As a child, I was uncomfortable with my Jewish faith, because I struggled with a worldview that began and ended with God. It felt to me as if my whole religion was structured like an inverted pyramid, balanced treacherously on a singular, unprovable point. Most of what I learned in Sunday school felt like tedium to me; prayer services were just a demonstration of how off-tune a congregation could sound. I remember slipping into class with a backpack full of books, knowing full well that each would be confiscated the moment I was caught. More than anything, however, I was fascinated with computers: with digital creation, digital community, games of any kind. My parents, who were sane, strictly limited how much screen time I was allowed to have; I responded by cutting classes whenever I could get away with it, all the better to get more time with the computers in the school library. 

I won't pretend that my time with them was focused—if anything, it was a prelude to the endless social media morass that exists these days, albeit with smaller communities and worse technology. I had two flavors of ambition, both diffuse. One was creative in nature, and consisted of dreaming big dreams, trying to imagine grand and wonderful inventions whose possibility mattered more to me than my ability to create them. The other was more pragmatic: roughly speaking, I knew that I'd need to convince people to work with me on those dreams, and more generally that I'd need to manufacture some kind of Reputation for myself if I wanted to avoid what I feared would be a purposeless life of repetitive toil. But my pragmatism was typically undermined by my dreaming: I could devise beautifully tactical plans for getting ahead in life, but I struggled to stick with them, when the potential to dream was right there. And all the while, I got sucked into those glittering, endless loops of action and reaction, stirring shit up online when I got bored, then bound for hours to whatever reaction ensued. Wasted time, wasteful drama. 
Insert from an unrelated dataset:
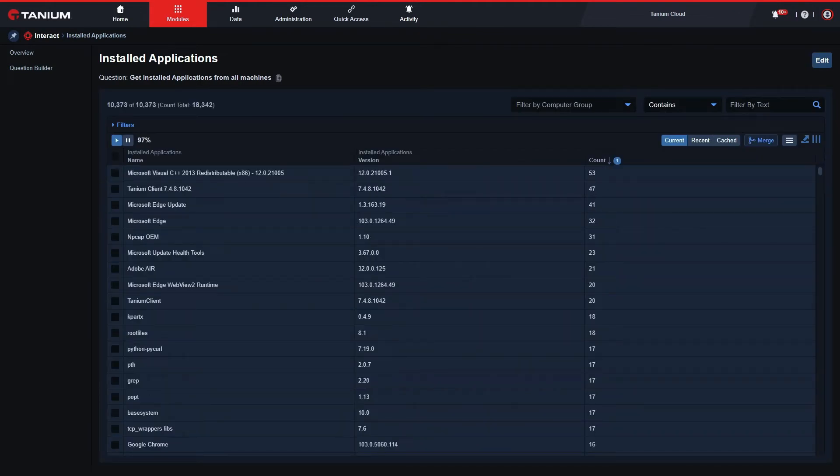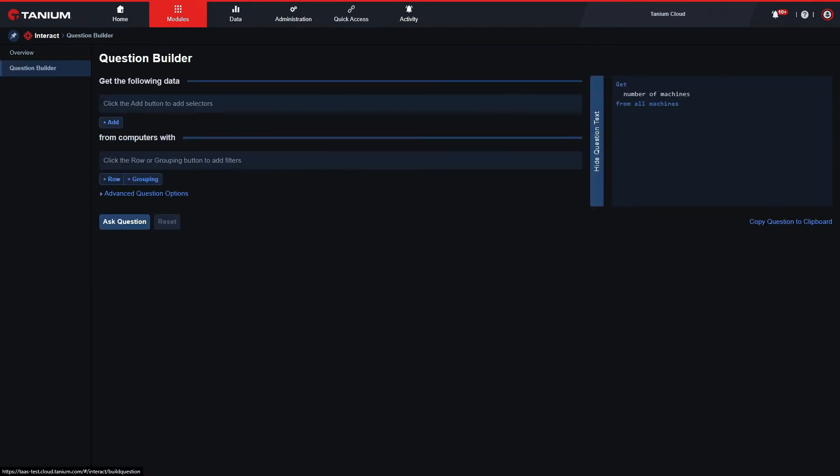The third way is to use the question builder. This can be useful when crafting more complex questions. I can add what I'm looking for.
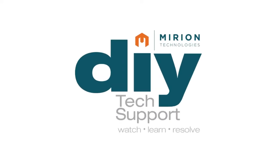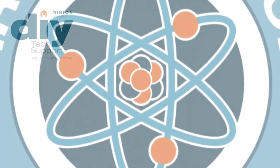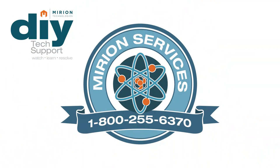We hope you found this video instructional and useful. If you have further questions, Mirion is here to help. We offer a complete technical support staff along with a fully trained group of field support engineers to support all your service needs. Please call 1-800-255-6370 for further assistance.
When I had direction, even the pointless direction of a 13-year education, I could at least drift along. When I got to college, I lost the home I returned to every night, the acquaintances I'd spent a decade slowly pretending I understood my relationships to, and the pipe dream that I'd seamlessly transition to a comfy, entitled place in life, from which I could continue my slow, dreamy meandering. Samuel Beckett's Endgame is sometimes theorized to take place inside a single person's skull. At times, my dorm room felt like that: miserable, cramped, and still preferable to the horrors of an outside world. I retreated even further into my little online world, as both flavors of my ambition took on a new desperate urgency.
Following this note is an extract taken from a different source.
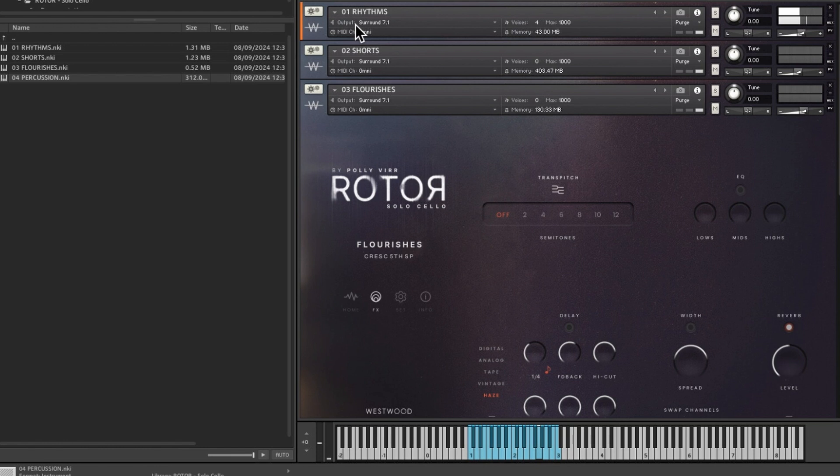And then for the flourishes we've got, let's try a seal point. So there we go, that's all three playing at once.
All this is to say that I sympathize with the traditionalists to some degree. Here is one framing of my story: I was a godless child, distracted by flashing lights that disconnected me from any sense of meaning or hope. The more I embraced the pointlessness I found on my computer, the more I lost touch with the world around me. And here is the ending to that story, which is not entirely untrue: by the end of my four years in college, I had begun to rediscover my religious faith, because I found more and more that spiritual thinkers were able to answer my secular questions in ways that nobody else seemed to be able to. Mind you, those "secular questions" mostly had to do with aesthetics and creative techniques, but that's beside the point, isn't it? Because the point is: the horrors of modern alienation are real, and I too fell prey to them, and I found my spiritual solace in precisely that which I had rejected when I was young.
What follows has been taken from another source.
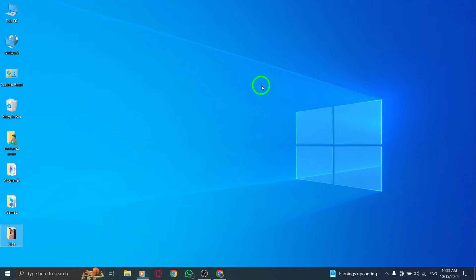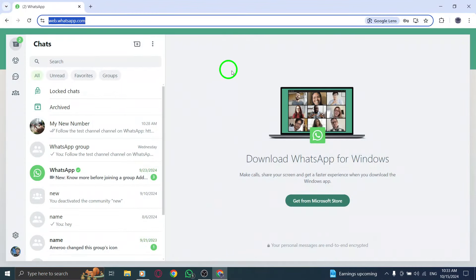First, start by opening your web browser and going to whatsapp.com. Make sure you're logged into your account to access your chats.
But that, too, is a sleight of hand. Because it was never that I turned to computers as a way of disconnecting myself from the world, any more than I'd turned to books to isolate myself from others. Books and computers alike had always been a response to isolation, not a cause. They were an answer to peers I wanted nothing to do with, to authority figures who seemed to exist only to reject and disapprove of me, and—yes—to a faith that flat-out failed to engage me in any meaningful way. I was certainly drawn to the hilarious nonsense I found on the Internet, to that absurdist-tinged melange of amateur creativity and half-understood plagiarism. But I was also drawn to Douglas Adams and Monty Python, and then to the more properly-absurdist works of Beckett and Eugene Ionesco, and ultimately to Duchamp, Alfred Jarry, and Dada as a principle: nonsense as a rejection, not of all order, but of a singular order which would purport to be the only order. As Jarry put it, in a pithy line that has shaped me on a profound level ever since:

We shall not have succeeded in demolishing everything unless we demolish the ruins as well. But the only way I can see of doing that is to use them to put up a lot of fine, well-designed buildings.

If anything, I suspect that I am fundamentally drawn to authority, structure, and big hand-wavey notions of harmony. I loved games because I loved systems; I loved learning them, mastering them, and inventing optimizations for them that felt beautiful. But I hated ugly optimization, choosing less-optimal approaches when they struck me as more compelling; similarly, I could never invest myself in authority that struck me as ugly, and the authority I had to contend with was usually dim-witted, inflexible, and profoundly uncurious. I was never one to think of myself as smarter than anybody else, which made it particularly aggravating when the people around me, whether it was groups or individuals with singular positions of power, had neither patience for me nor the ability to conceive of anything beyond their extremely-limited purview. Is it any wonder that I struggled to conceive of God, when the definitions I was given were as restrictive and as stupid as the people who were offering them?

In Philip Pullman's His Dark Materials, divinity is a physically-measurable phenomenon—and God, referred to always as The Authority, is a usurper to his own throne, an angel who predates all the other angels, and lied to them all, insisting that he is the source of all holiness and therefore gets to choose which rules must be obeyed. His Dark Materials was certainly a major part of why I chose to call myself an atheist—but, in some ways, it was the sort of atheism that reaffirmed an underlying spiritual belief within me, rather than denying one. To reject a false god can be an act of spurning God altogether, or it can be done in the name of a truer, stranger God, who will not abide by false idols.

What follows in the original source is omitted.